═══ PROVIDED DATA

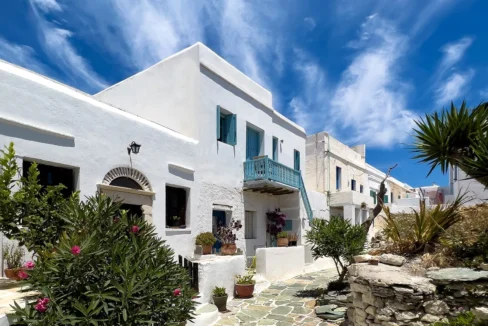 Folegandros Cliffhouse for sale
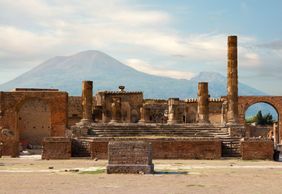 Pompei: Ticket & Audio Tour with an Archaeologist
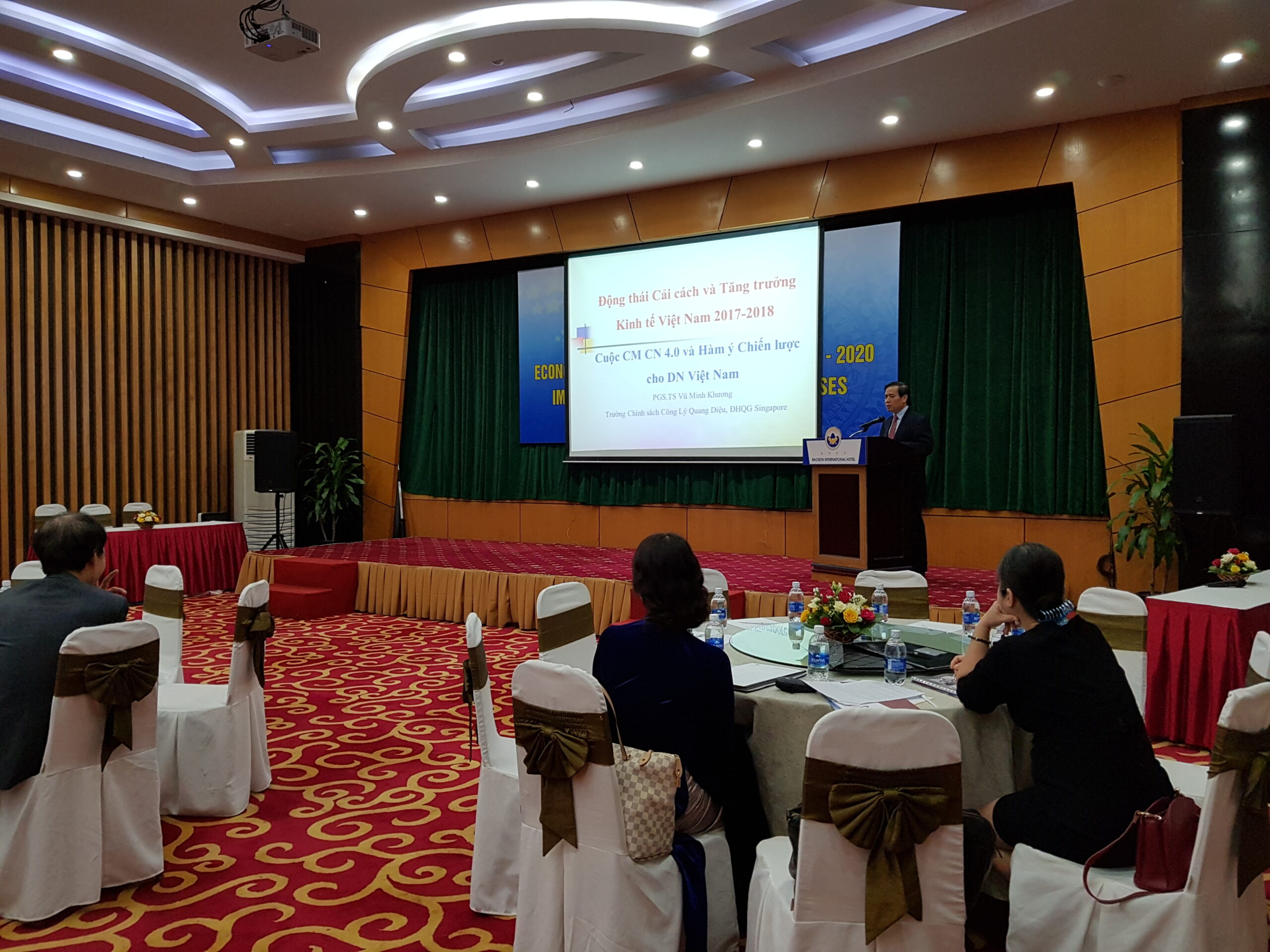 vietstar hoi nghi khach hang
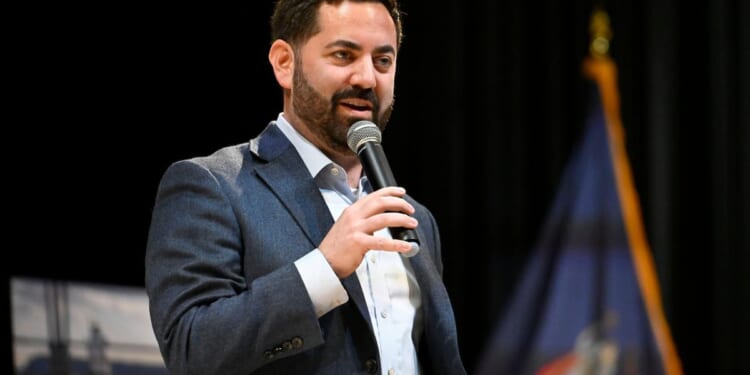 New analysis identifies more House races with vulnerable GOP incumbents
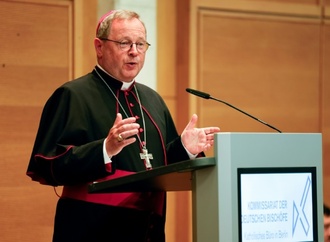 Bischof Bätzing fordert Einmischung der Kirche bei Thema Rechtsextremismus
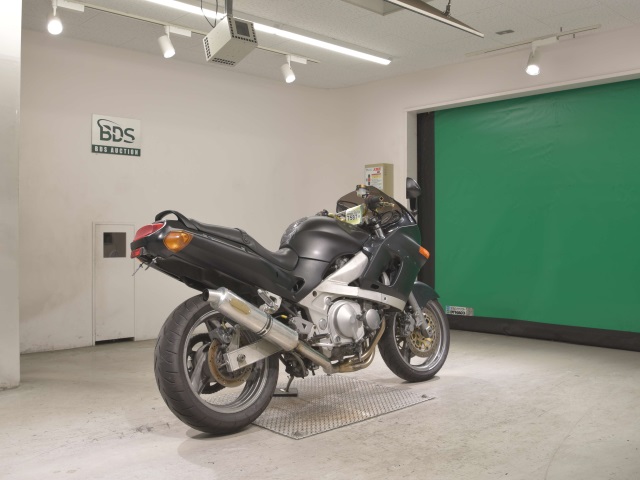 Kawasaki ZZ-R400 — фото 5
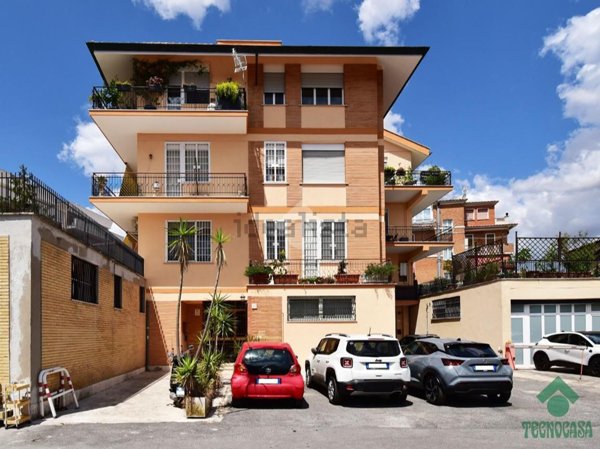 appartamento in vendita a Roma in zona Appio Pignatelli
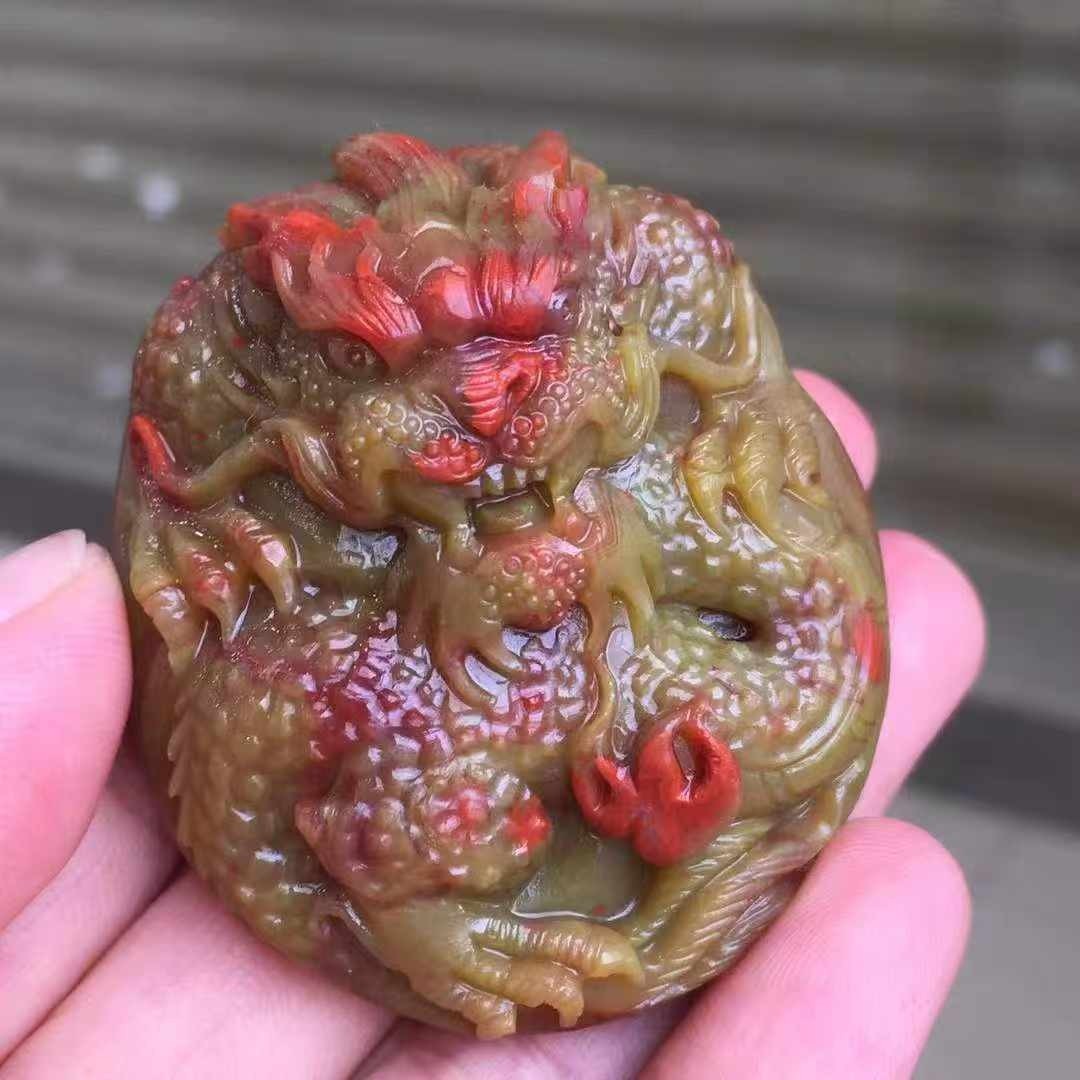 凉山南红玛瑙龙牌吊坠挂件黄皮包浆俏色巧雕龙手把件苏工雕刻男女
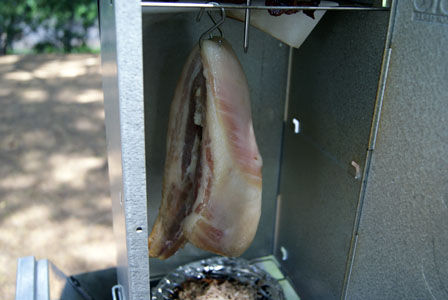 ビストロ・アニメシ ハウルの動く城 マルクルのベーコンエッグ お肉、ベーコンの正しい吊るし方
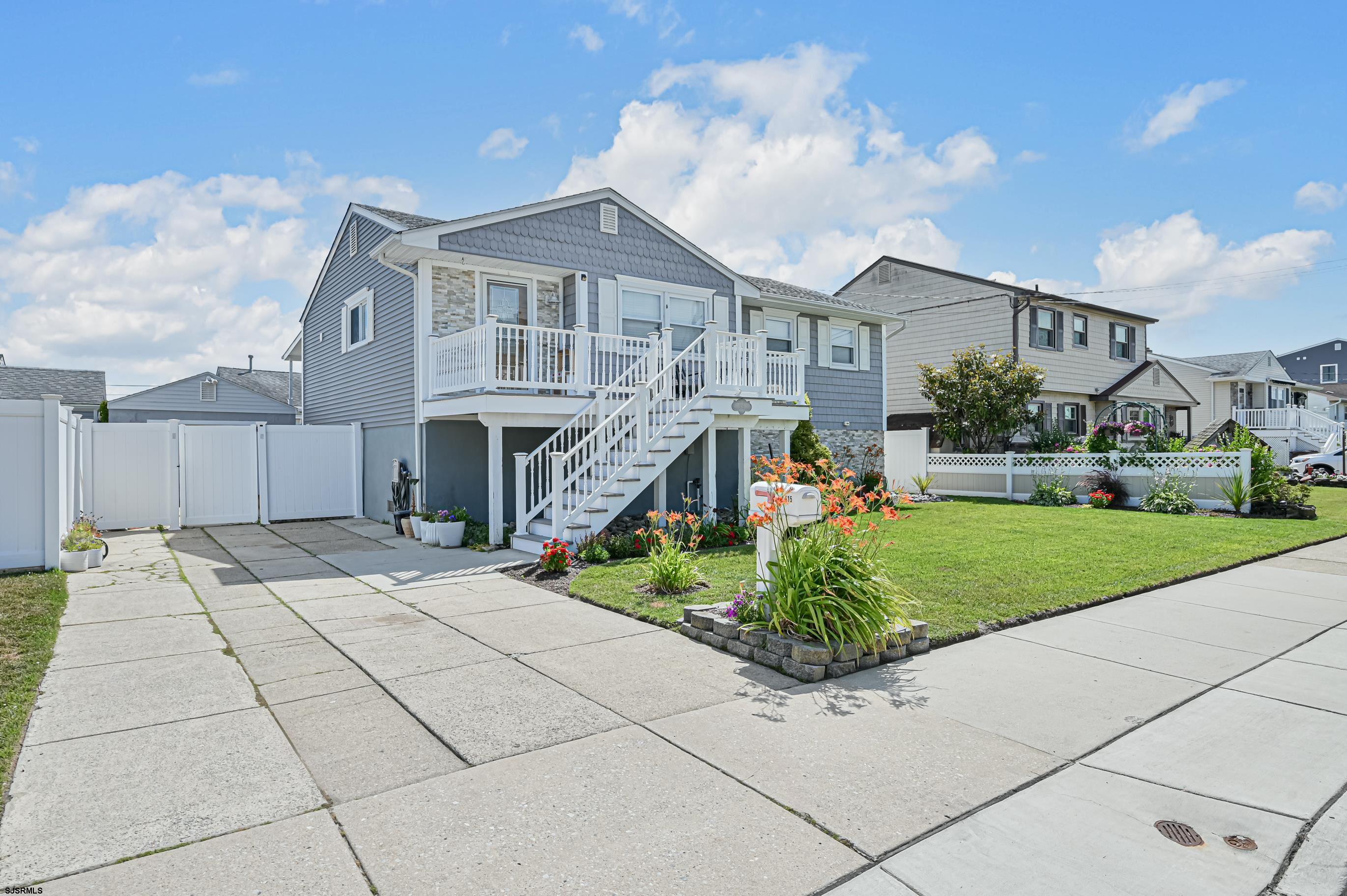 a front view of house with yard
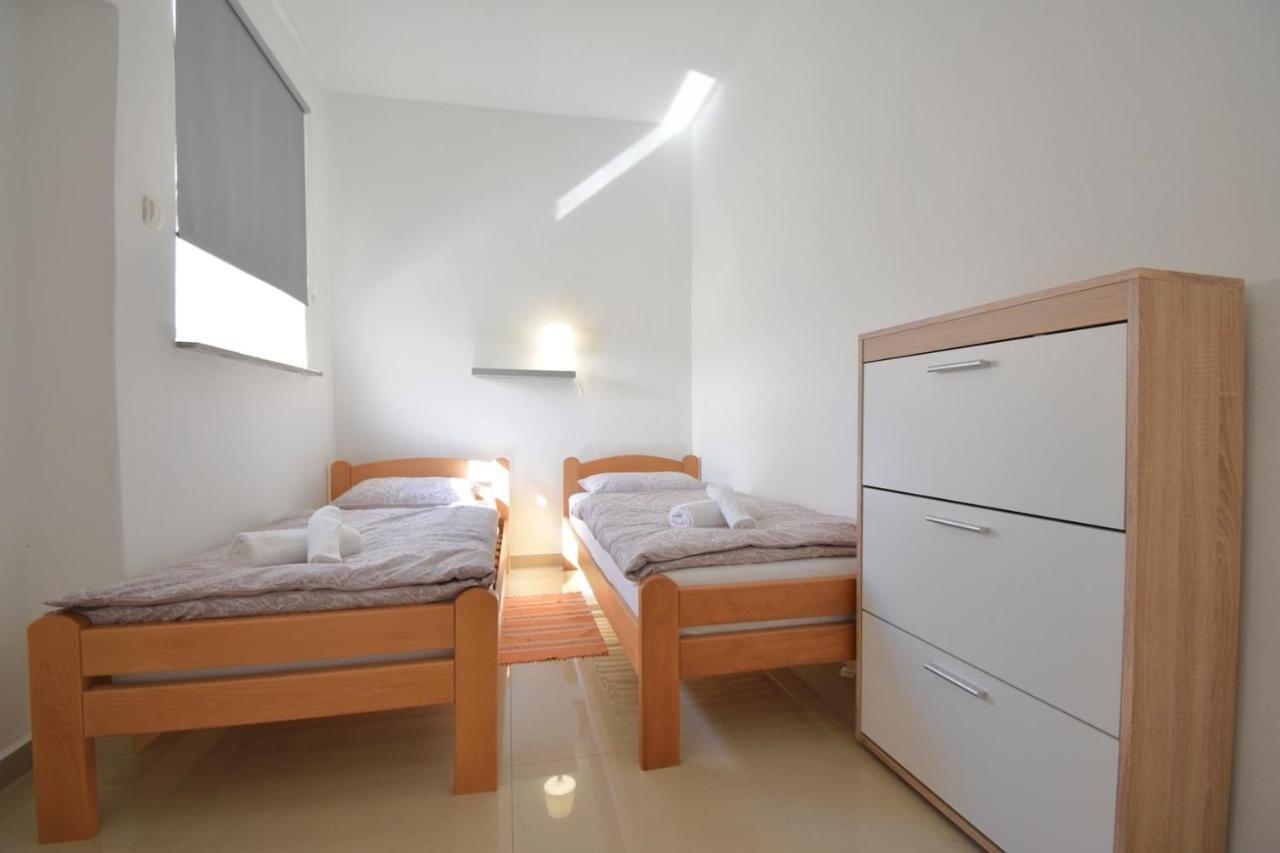 City Centre Apartment With Terrace 2 Пула Екстериор снимка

══════

PROBLEM:
From the material above, reproduce everything verbatim except the pictures.

TASK OUTPUT:
 Folegandros Cliffhouse for sale
 Pompei: Ticket & Audio Tour with an Archaeologist
 vietstar hoi nghi khach hang
 New analysis identifies more House races with vulnerable GOP incumbents
 Bischof Bätzing fordert Einmischung der Kirche bei Thema Rechtsextremismus
 Kawasaki ZZ-R400 — фото 5
 appartamento in vendita a Roma in zona Appio Pignatelli
 凉山南红玛瑙龙牌吊坠挂件黄皮包浆俏色巧雕龙手把件苏工雕刻男女
 ビストロ・アニメシ ハウルの動く城 マルクルのベーコンエッグ お肉、ベーコンの正しい吊るし方
 a front view of house with yard
 City Centre Apartment With Terrace 2 Пула Екстериор снимка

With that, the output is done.